Second, it is contended that the Civil Service rules allowing discharge of an employee for disgraceful conduct or conduct unbecoming a city employee are so vague as to be unconstitutional. We disagree. Rule IX of the Commission rules, section 5 (f) dealing with cause for discharge, states:
[C]onduct which amounts to disgraceful conduct, whether such acts were committed on or off duty;
and under section 5 (g) the rule provides:
. . . of conduct unbecoming an officer or an employee of the city;
*773Under such rules, our court has upheld the discharge of civil servants for general causes similar to those applied to the appellant. See State ex rel. Perry v. Seattle, supra; Wenatchee v. Berg, 1 Wn. App. 354, 461 P.2d 563 (1969); Arnett v. Kennedy, 416 U.S. 134, 40 L. Ed. 2d 15, 94 S. Ct. 1633 (1974). Further, petitioner knew the precise conduct which was the subject of his hearing and the basis for his discharge and, therefore, was afforded administrative due process. See State ex rel. Beam v. Fulwiler, 76 Wn.2d 313, 456 P.2d 322 (1969); Deering v. Seattle, 10 Wn. App. 832, 520 P.2d 638 (1974). Petitioner was represented by counsel and given a fair and reasonable opportunity to present his case at the hearing. We find no error.

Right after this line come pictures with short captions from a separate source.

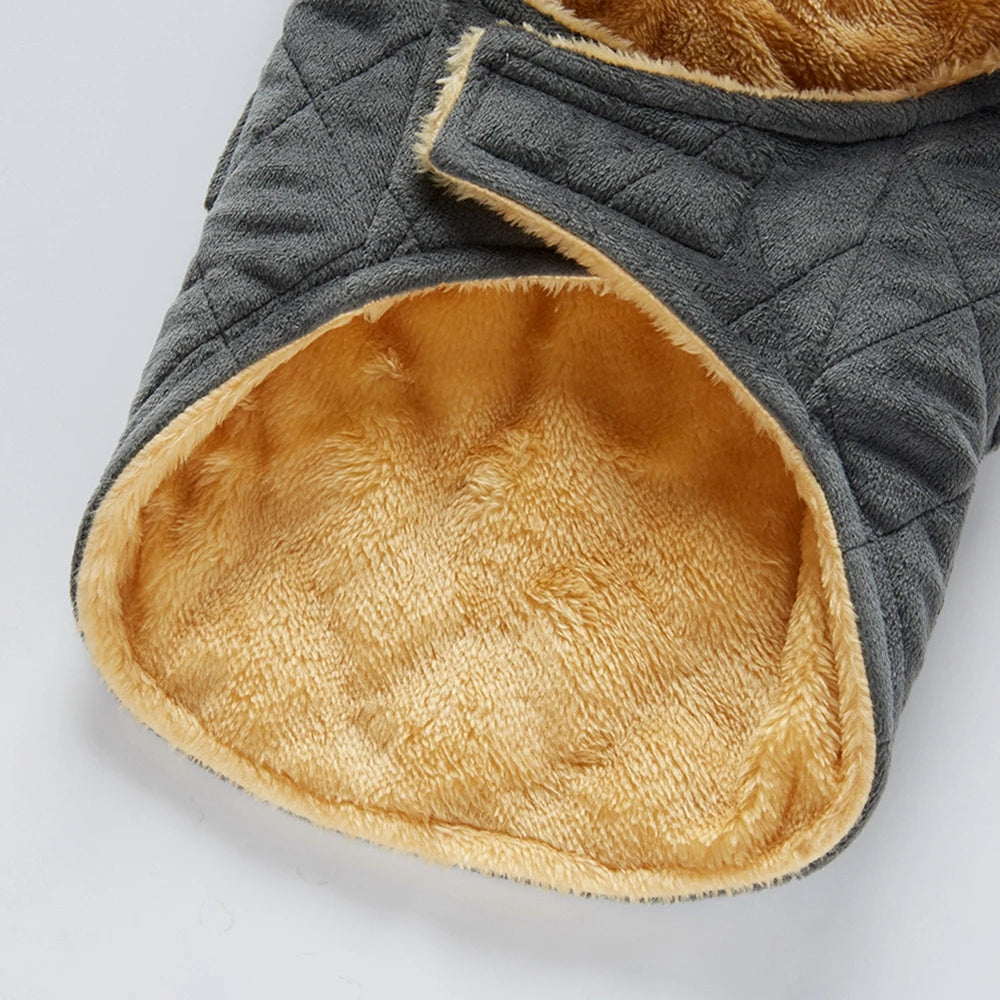 Winter Warm Plush Jackets for Pet Dogs Thickness Double Pockets Fashion Pet Dog Coats Puppy Clothes for Small Medium Large Dogs
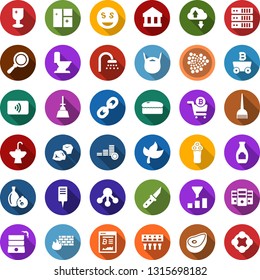 Color back flat icon set - leaf vector, electric razor, hair dye, beard, iota sign, mining, farm, bitcoin site, cart, window cleaning, toilet, brush, shining, shower, sink, garbage pile, garden fork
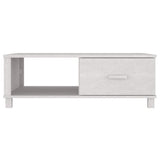 ZNTS Coffee Table HAMAR White 100x55x35 cm Solid Wood Pine 340453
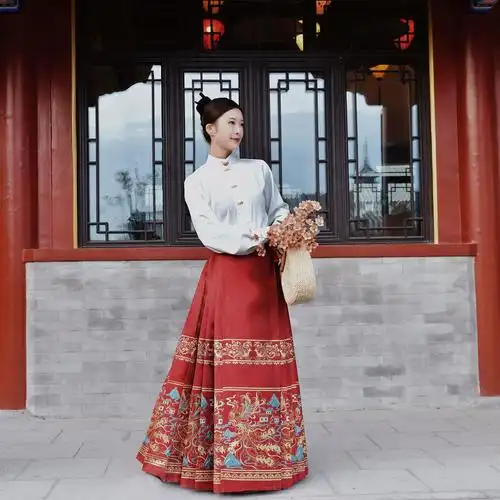 新中式一鸣凤凰国风明制汉服女马面裙红色马面裙套装幕琬原创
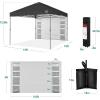 imageBest Choice Products 10x10ft Easy Pop Up Canopy wSide Wall 10 Pockets Portable Carrying Case 1Button Setup 4 Weight Bags  SandGray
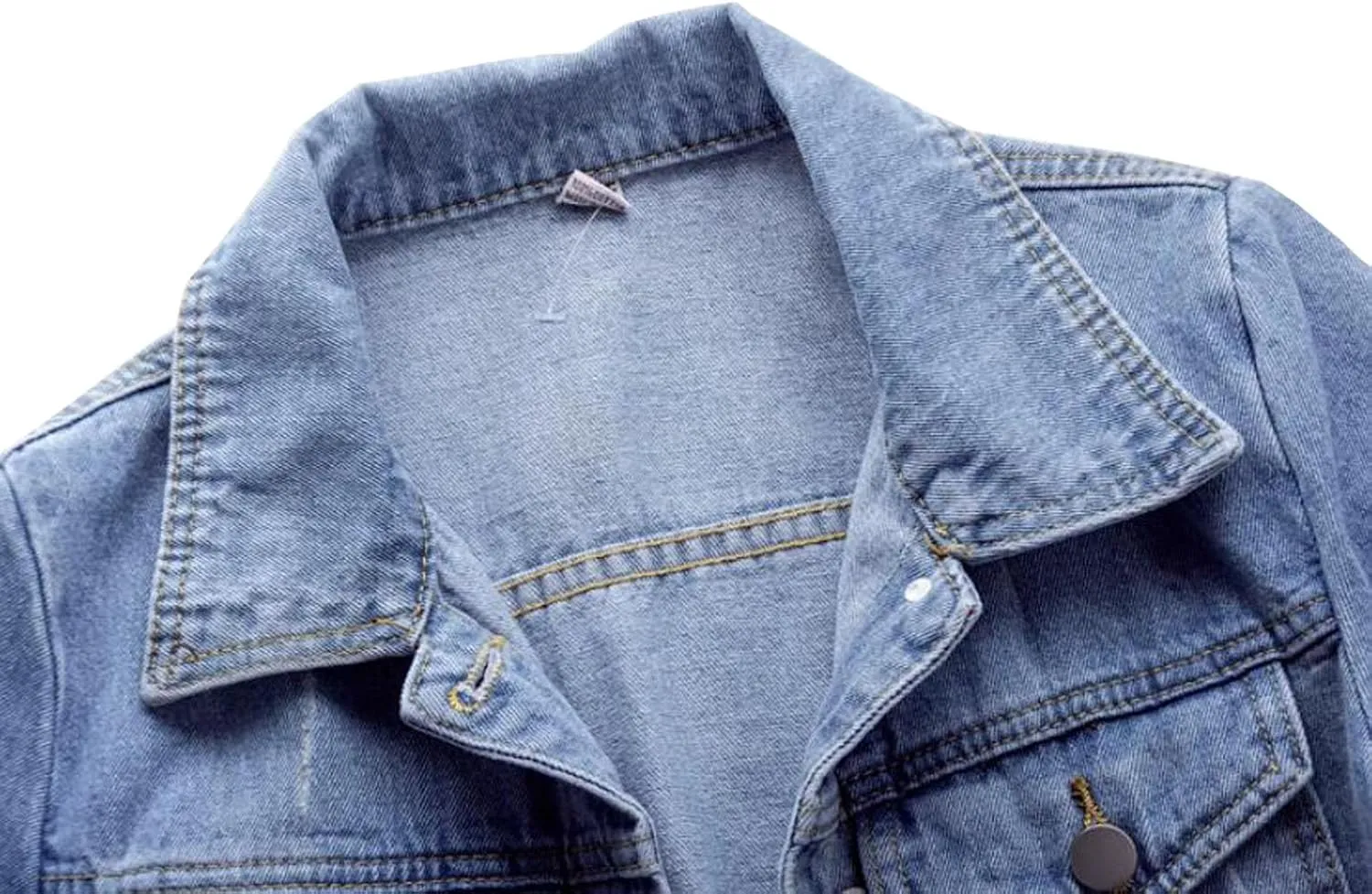 Womens Solid Color Denim Jackets Button Up Long Sleeve Trucker Jackets Jean Coat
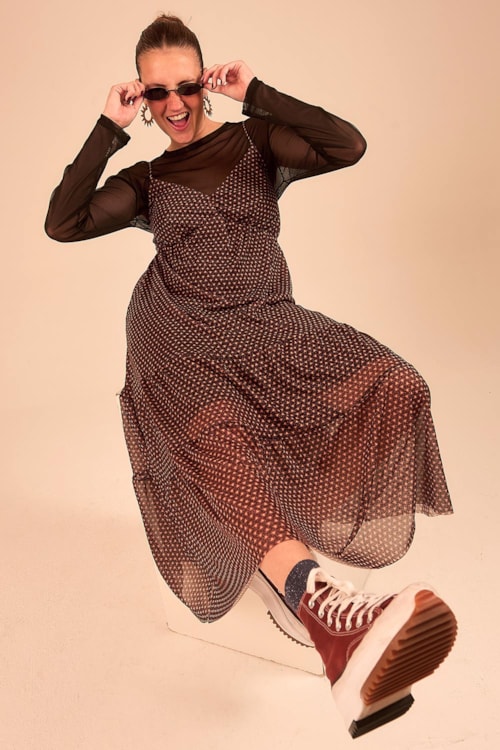 Vestido Cropped Tule Asteca Estampado - foto 1
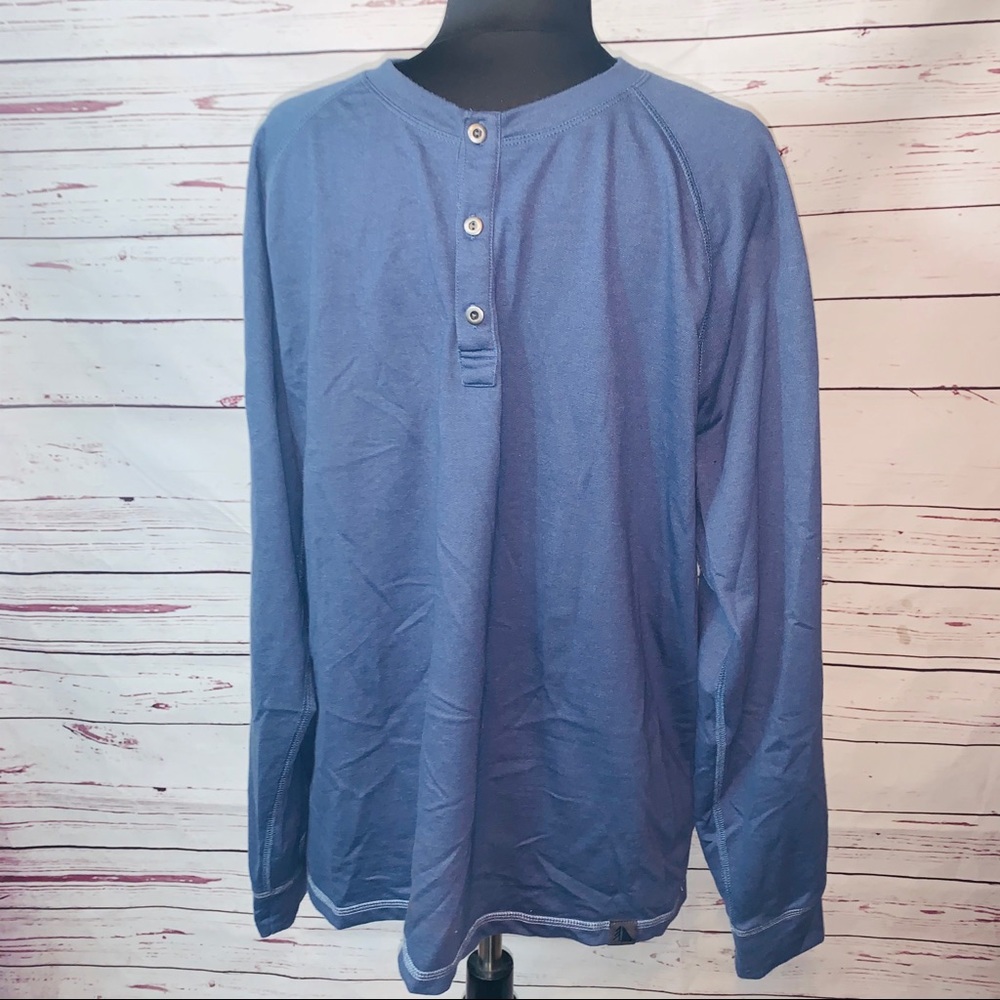 LL Bean Blue 3 Button Henley Long Sleeve Shirt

Third, it is contended the Commission erroneously confirmed the discharge of petitioner upon the ground that a city employee should not be discharged for isolated incidents of unbecoming or disgraceful off-duty conduct. We disagree. There was ample testimony by the Assistant City Manager concerning the effect which the continuation of petitioner’s employment might have upon other employees and upon public confidence in the event petitioner were retained. This is a matter that lies clearly within the discretion of the Commission; there is sufficient evidence to support their conclusion that petitioner’s conduct would affect his employment.
Finally, petitioner contends that the record of his criminal trial was improperly admitted in evidence at the Commission hearing. In support of this contention, petitioner challenges the constitutionality of the trial proceedings asserting that the judge erred in denying a motion for continuance, which in turn effectively denied his right to counsel and to cross-examine the witnesses against him. We disagree.
We have carefully reviewed the record of the criminal trial. It reflects that petitioner retained competent defense counsel who represented him from the time of his arrest until the night before trial. At that late date, petitioner discharged him. The next morning, counsel appeared and *774represented to the court that he was prepared to proceed but for his discharge. Petitioner requested a continuance to retain other counsel. A continuance was granted for 1 week only because the prosecuting attorney had previously agreed to it.4 Subsequently, on the morning of the trial petitioner, not having obtained other counsel, made a similar request for continuance. This request was denied. At that time, petitioner’s former attorney was appointed to represent him and the court directed him to remain in the courtroom during the trial and render such assistance as might be requested by petitioner.5 Petitioner, however, re*775fused to allow counsel to actively participate and chose to remain mute.
The granting or denial of a motion for continuance lies in the sound discretion of the trial court. State v. Miles, 77 Wn.2d 593, 597, 464 P.2d 723 (1970). From the record we conclude that the trial court did not abuse its discretion.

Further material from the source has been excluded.